Wednesday, July 4, 2012

Independence Day


The legal separation of the Thirteen Colonies from England occurred on July 2, 1776 after the Second Continental Congress voted to approve a resolution of independence declaring themselves free from the rule of Great Britain. Having done so, the congress then focused attention on creating what we now know as the Declaration of Independence; they approved it on July 4th, the day we celebrate our Independence.
But by whose authority did they liberate themselves from their loyalty bonds?  It has been said that ultimatum is the ultimate authority from which all other authorities are derived.  That ultimatum is, as history has proven, the threat of violence.  Yet in this isolated case, there was none made.
The Declaration of Independence was just a notice, along with being an appeal to an agreed understanding of  the shared higher authority between the two societies as belonging to the divine.
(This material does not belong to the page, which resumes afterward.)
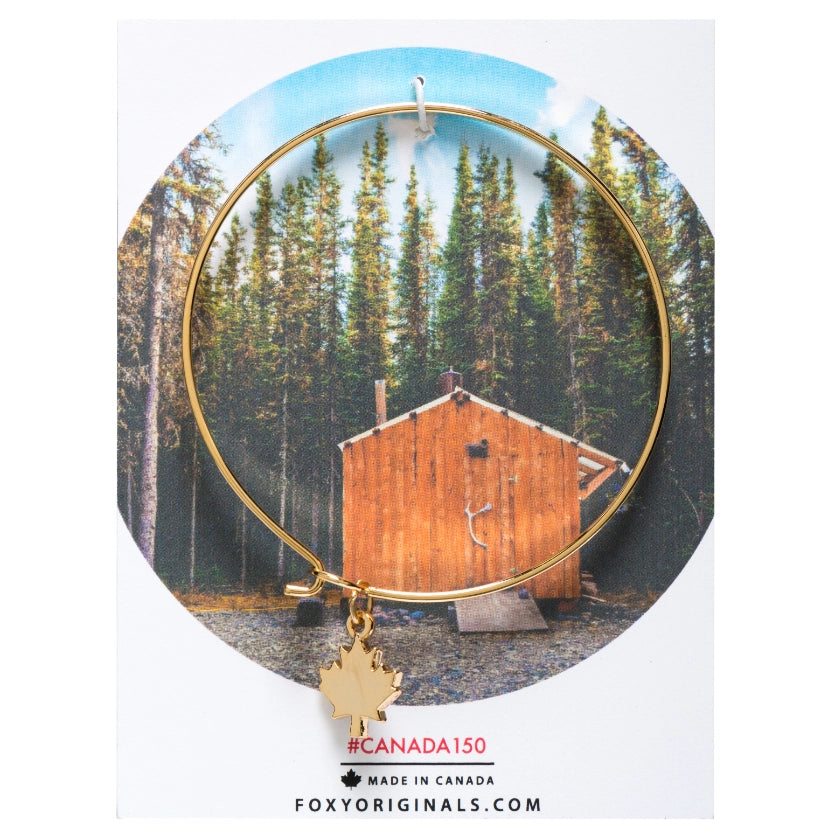Maple Leaf Charm Bangle Bracelet Made in Canada - I Heart Canada Collection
Based upon that shared recognition, the colonies invoked the right for every man being under God’s dominion, not a kings. From there, liberty to pursue inalienable rights was given by God alone. We American’s are intimately familiar with those as being life, liberty and the pursuit of happiness.
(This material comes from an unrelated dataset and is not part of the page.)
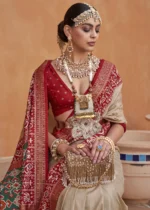 Tan Beige Patola Saree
Consider if you will the outrageousness in that time to claim to be free of loyalty to sovereignty? In most cases that was pure unadulterated treason.  So outrageous, it must have been considered a joke.
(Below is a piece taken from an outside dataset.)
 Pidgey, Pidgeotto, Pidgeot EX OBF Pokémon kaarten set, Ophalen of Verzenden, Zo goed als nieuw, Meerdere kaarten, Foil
But an ultimatum that had no consequence?  It must be a joke.  The colonies continued without advising what consequences were to befall disagreement.  They didn’t threaten consequences.  They simple said, we quit.  Clearly England didn’t agree and so the colonies resisted their effort to regain control over the colonies.  So violence was still in the mix, but not as an ante; rather a raised wager. But then it got even stranger.  This new entity didn’t even adopt a government mandate, the Articles of Confederation and Perpetual Union, until 1781, five years since claiming freedom from royal control!  Oh, but it get even better, the Constitution of the United States wasn’t formally in effect until 1789 yet ANOTHER  eight years after THAT.  Imagine that…really….thirteen years after claiming independence you come up with a system you’re going to govern by.  And that accomplished not by threatening consequences for disagreement, but simple committing to doing life different.
This brings me to the true freedom that we should celebrate, because it is truly uniquely American.  Individual freedom is the font from which all possibilities flow:
Figuring things out for yourself is practically the only freedom anyone really has nowadays.  Use that freedom.  Mr. Jean Rasczak, Starship Trooper.